TASK GOAL — All of the data below must be reproduced word for word, but without its images.

DATASET SECTION —

------------------------------

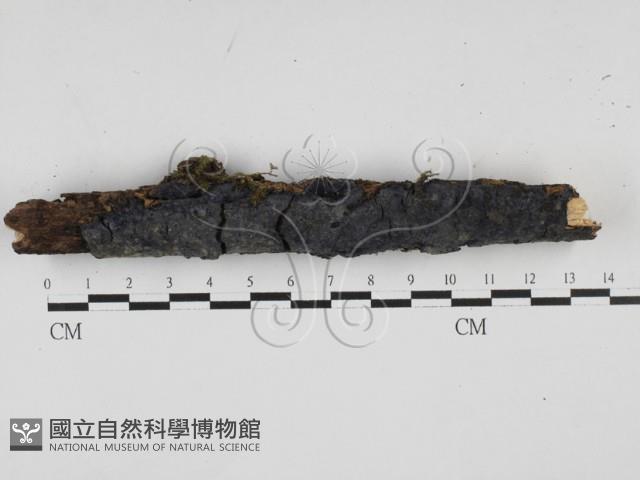 登錄號:F0003213藏品圖，第1張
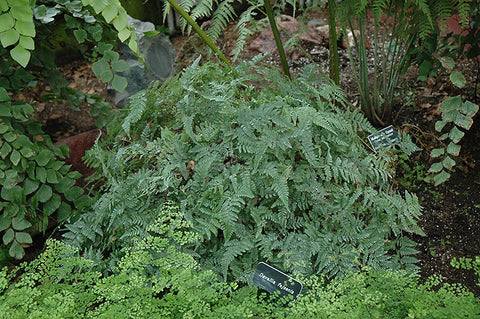 Rabbit's Foot Fern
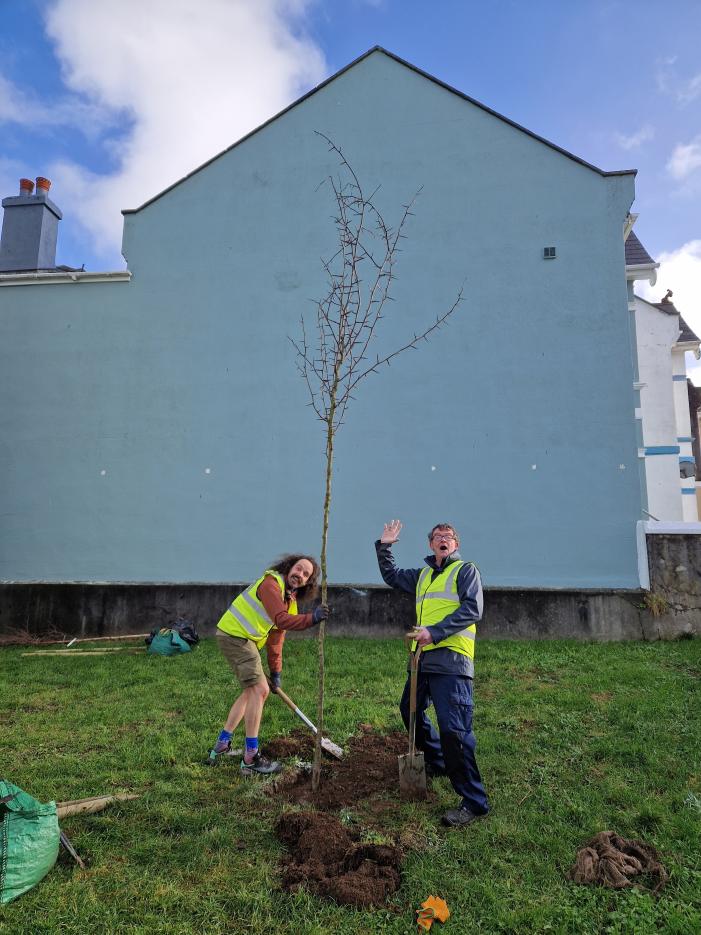 Josh and Ryan and their Honey locust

------------------------------

EXERCISE SOLUTION —
 登錄號:F0003213藏品圖，第1張
 Rabbit's Foot Fern
 Josh and Ryan and their Honey locust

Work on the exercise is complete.